Rumor Has It would be historically significant for “Fancy” alone, but the 30th Anniversary Edition makes the mistake of thinking that’s the case.  We’re treated to a dance mix and an acoustic live performance of “Fancy” as the only two bonus features of this reissue, which sells the importance of the entire set short.  We get no demos, no alternate takes, and no live performances of the album’s key hits, despite the existence of the 1991 Reba in Concert video that featured the earliest stage performances of “Fancy,” “Rumor Has It,” and “You Lie.”

As Mercury prepared to release a three-disc deluxe edition of The Woman in Me for the 25th Anniversary of that landmark Shania Twain album, it’s hard not to feel a little underwhelmed by this set, which does little more than just mark the date and celebrate “Fancy.” Heading into 1991, I hope that the UMG team working on the Shania set checks in with the Reba team.  Next year marks the anniversary of Reba’s biggest and most artistically significant album, For My Broken Heart, and a dance mix of “The Night the Lights Went Out in Georgia” isn’t going to cut it.

 

5 Comments

  1. I agree, in that it feels like Reba’s team are really just phoning it in with these re-issues. The 25th anniversary edition of Read My Mind only added a live performance of And Still.
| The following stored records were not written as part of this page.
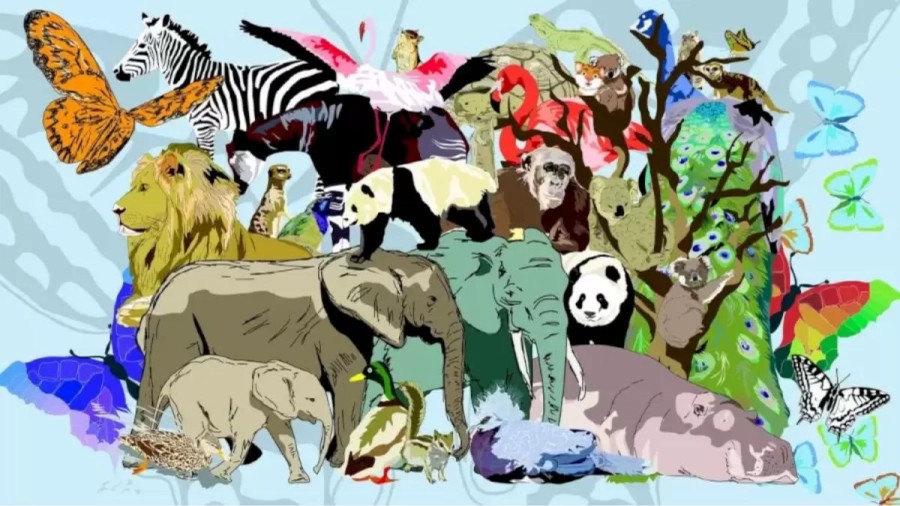 Can You Find the Little Tiger Among these Animals in 12 Seconds? Explanation and Solution to the Optical Illusion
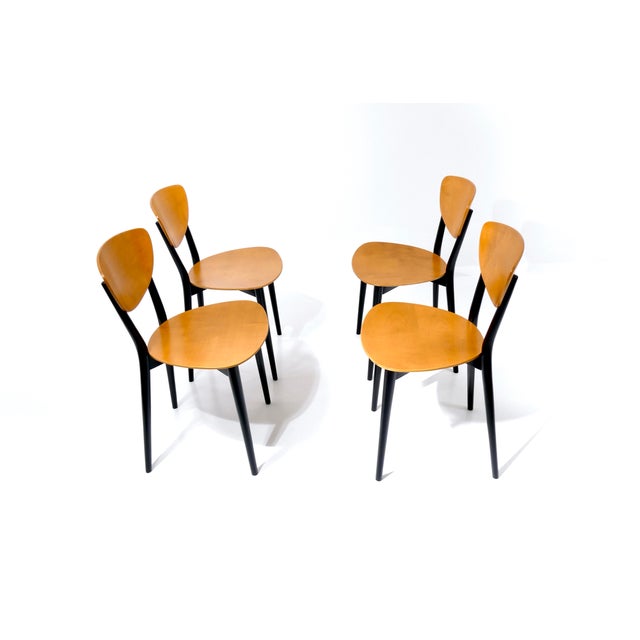 Vintage Swiss Chairs by Kurt Thut, 1953, Set of 4 For Sale - Image 13 of 18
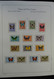 Papua Neuguinea: 1952-2006: Almost Complete, MNH (few Older Stamps Hinged) Collection Papua New Guin - Papua-Neuguinea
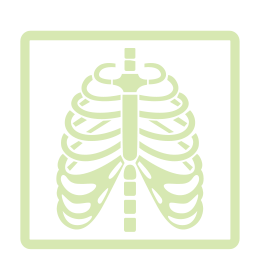 ícone de uma costela humana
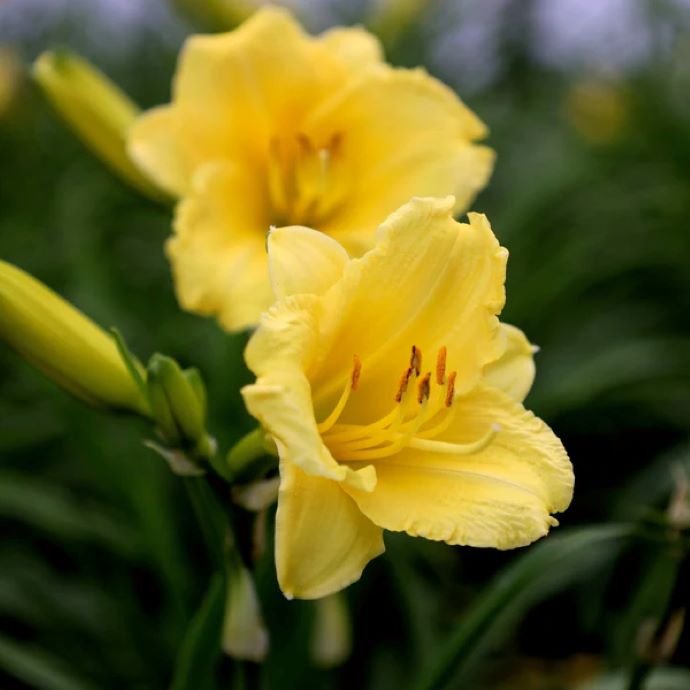 Daylilies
    There’s so much potential with these kinds of re-issues, and I really feel they’re missing that. It’s very ‘will this do?’. It says a lot that I fully intend to buy the Shania Twain re-release, and I’m not bothering with the Reba ones, despite being a much bigger Reba fan.

  2. Reba’s team really needs to talk to Bob Dylan’s team. Then you would get 8 or more different versions of “Fancy”. Of course, the reissue would also cost $150.

  3. “You Lie” still gives me chills when I hear it, especially those falsetto notes she hits. No doubt, it’s one of her finest vocal performances, and it’s one of my favorite songs she’s ever recorded. “Rumor Has It” and “Fallin’ Out Of Love” are also all time favorites of mine. And “Fancy,” of course, is a classic, but I personally could’ve done without the dance mix. Agreed that this great landmark album deserved better for its anniversary edition.

  4. Wow, that’s…I dunno…underwhelming? I know we’re talking different genres, bands, labels, etc. here, but the last anniversary reissue I bought was the 30th-anniversary reissue of Judas Priest’s Defenders on the Faith. It included a full recording of one of the live shows from that album’s tour. I have seen anniversary reissues of albums from other bands include stuff like demos and B-sides from the singles that didn’t appear on any albums. Compared to that this comes off as a lame money grab, if I may be so honest. “I know you bought this album 30 years ago, but hey, buy it again and get…a dance mix of its biggest hit as a bonus.”

    (Also, if I could have picked any song from Read My Mind to have a live version of, it would be “She Thinks His Name Was John.”)

  5. I would have loved a more extensive dive into the vaults for this reissue. Depending on the day, I consider it to be my favorite album of all time. I know that For My Broken Heart is, technically speaking, probably the better album, but this was one of the very first cassettes (and then CDs and digital albums) I owned and, for sentimental reasons, I enjoy this one more and have played it and “Fancy” more than any other album or song. I had managed to track down some copies on vinyl over the last couple years, but it is nice that is now more widely available for collectors of that format. “You Lie” and “Fallin’ Out of Love” display that signature Reba singing style (turning single syllable words into five) better than any other songs I can think of and, for my money, “You Remember Me” is her greatest song that was never released as a single.